TASK PROMPT
Would you please repeat, word for word, only the lines from the one holding "Median and salary" through the one holding "North Pacific Ocean (Japan)" in the material below, without the pictures?

EXTRACTED MATERIAL
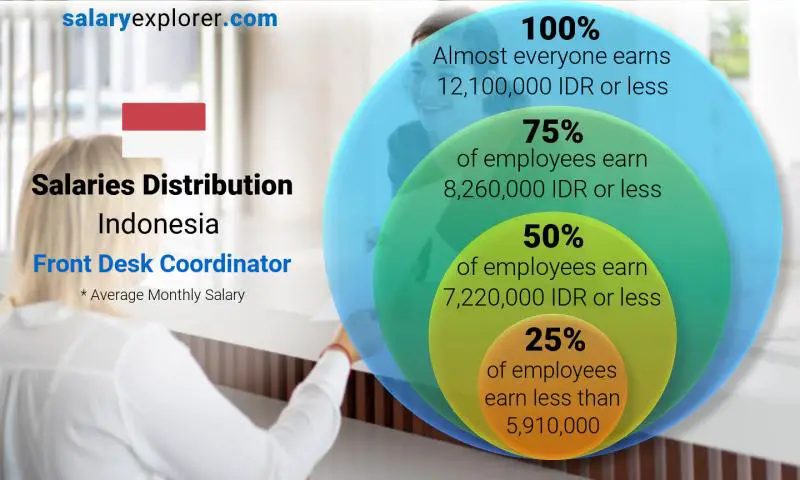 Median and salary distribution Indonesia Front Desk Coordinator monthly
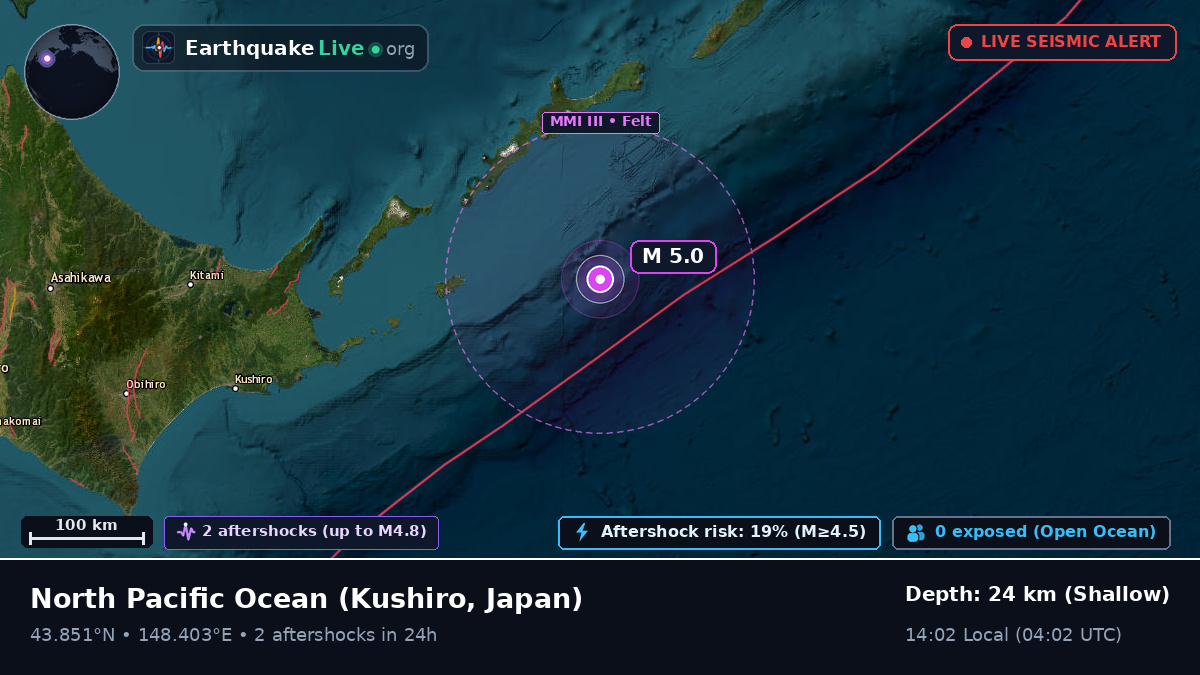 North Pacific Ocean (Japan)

==

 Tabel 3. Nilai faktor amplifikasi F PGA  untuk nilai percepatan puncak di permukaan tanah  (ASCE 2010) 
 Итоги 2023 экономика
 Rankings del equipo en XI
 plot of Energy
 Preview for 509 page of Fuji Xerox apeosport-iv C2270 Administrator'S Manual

REPLY
 Median and salary distribution Indonesia Front Desk Coordinator monthly
 North Pacific Ocean (Japan)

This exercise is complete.